What lines below include the word "Black"? Copy each one.

*** RECORDS SUPPLIED ***

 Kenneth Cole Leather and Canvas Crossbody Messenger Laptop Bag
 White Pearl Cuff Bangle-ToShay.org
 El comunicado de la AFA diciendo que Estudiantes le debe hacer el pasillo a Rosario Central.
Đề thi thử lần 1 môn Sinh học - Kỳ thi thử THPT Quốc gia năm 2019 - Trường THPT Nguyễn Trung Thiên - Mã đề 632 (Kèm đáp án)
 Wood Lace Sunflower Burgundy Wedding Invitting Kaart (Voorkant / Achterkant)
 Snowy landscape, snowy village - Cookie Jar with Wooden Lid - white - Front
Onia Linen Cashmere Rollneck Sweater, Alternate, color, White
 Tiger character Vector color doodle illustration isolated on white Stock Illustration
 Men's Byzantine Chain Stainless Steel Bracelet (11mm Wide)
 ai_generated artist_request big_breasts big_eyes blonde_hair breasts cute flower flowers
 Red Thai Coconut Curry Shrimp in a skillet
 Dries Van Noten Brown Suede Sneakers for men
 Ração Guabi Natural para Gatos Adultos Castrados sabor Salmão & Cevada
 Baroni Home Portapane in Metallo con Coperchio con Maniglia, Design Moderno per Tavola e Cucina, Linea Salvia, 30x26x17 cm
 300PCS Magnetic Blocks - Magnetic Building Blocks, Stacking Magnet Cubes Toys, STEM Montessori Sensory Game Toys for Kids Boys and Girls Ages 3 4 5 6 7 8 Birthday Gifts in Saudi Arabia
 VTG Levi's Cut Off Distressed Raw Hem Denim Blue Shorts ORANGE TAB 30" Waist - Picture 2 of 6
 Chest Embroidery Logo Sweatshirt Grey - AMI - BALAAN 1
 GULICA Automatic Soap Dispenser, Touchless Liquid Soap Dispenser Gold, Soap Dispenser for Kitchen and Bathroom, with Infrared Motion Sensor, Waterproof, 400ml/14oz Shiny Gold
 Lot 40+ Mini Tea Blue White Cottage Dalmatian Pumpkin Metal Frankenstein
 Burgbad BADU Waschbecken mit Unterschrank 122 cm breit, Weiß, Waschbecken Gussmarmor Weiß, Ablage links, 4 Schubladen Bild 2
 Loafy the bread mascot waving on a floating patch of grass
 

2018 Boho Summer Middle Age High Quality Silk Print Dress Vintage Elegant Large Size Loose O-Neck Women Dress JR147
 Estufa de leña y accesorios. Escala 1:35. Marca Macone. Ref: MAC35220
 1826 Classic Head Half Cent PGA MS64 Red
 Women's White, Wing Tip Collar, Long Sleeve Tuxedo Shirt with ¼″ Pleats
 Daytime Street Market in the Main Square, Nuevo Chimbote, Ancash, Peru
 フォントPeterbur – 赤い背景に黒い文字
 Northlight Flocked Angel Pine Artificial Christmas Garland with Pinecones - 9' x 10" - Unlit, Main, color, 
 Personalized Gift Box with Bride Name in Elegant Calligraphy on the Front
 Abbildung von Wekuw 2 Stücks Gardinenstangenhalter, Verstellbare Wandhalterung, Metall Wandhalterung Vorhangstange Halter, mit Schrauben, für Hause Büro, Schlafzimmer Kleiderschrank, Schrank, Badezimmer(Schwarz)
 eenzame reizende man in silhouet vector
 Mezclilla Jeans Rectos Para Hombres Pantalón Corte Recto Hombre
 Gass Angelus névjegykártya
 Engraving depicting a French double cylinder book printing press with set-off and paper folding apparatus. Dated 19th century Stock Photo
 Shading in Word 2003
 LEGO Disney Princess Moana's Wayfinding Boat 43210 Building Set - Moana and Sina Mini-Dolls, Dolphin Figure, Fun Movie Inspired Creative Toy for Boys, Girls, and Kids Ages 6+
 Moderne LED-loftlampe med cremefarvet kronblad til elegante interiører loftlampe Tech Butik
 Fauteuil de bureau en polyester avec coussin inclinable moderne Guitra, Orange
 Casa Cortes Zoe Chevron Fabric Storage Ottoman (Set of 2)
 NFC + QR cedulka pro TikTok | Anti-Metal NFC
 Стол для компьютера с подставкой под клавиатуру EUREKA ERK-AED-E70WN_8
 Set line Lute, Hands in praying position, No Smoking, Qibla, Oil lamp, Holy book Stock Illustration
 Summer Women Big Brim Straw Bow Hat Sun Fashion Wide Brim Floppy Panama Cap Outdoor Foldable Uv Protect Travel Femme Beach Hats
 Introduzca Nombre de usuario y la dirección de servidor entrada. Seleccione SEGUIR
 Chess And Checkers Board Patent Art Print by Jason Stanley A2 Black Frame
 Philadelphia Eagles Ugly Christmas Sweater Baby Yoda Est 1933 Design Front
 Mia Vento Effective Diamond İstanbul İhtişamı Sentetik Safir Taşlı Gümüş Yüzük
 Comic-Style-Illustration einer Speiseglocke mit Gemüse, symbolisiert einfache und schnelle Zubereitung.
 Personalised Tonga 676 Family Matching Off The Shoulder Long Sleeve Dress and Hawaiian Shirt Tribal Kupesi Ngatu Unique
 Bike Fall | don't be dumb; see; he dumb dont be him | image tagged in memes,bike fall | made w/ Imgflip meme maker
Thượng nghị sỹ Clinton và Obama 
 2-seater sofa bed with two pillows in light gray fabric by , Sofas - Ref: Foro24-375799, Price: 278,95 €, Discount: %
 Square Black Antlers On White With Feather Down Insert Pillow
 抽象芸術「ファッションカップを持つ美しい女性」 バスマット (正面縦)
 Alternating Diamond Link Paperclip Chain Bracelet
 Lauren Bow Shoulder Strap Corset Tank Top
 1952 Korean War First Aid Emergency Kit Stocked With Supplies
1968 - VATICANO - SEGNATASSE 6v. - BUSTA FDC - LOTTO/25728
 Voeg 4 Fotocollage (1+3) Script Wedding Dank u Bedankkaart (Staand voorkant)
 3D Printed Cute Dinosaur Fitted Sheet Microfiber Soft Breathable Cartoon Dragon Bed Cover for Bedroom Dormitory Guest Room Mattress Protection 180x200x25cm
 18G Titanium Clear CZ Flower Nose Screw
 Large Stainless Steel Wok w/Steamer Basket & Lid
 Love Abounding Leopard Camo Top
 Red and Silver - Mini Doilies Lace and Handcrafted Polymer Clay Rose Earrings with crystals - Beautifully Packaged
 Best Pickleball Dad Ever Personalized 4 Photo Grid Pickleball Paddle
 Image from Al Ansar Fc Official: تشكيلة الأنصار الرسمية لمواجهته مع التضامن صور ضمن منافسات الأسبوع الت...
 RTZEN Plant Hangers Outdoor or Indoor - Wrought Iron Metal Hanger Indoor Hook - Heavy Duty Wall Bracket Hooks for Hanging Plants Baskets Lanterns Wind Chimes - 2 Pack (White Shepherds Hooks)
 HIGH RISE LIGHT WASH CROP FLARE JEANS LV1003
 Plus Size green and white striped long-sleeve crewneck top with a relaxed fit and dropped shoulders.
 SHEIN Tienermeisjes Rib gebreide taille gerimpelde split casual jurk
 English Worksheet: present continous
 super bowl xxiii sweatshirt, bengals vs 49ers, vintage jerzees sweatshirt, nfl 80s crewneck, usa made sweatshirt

***

RESULT BELOW:
 Chess And Checkers Board Patent Art Print by Jason Stanley A2 Black Frame
 Square Black Antlers On White With Feather Down Insert Pillow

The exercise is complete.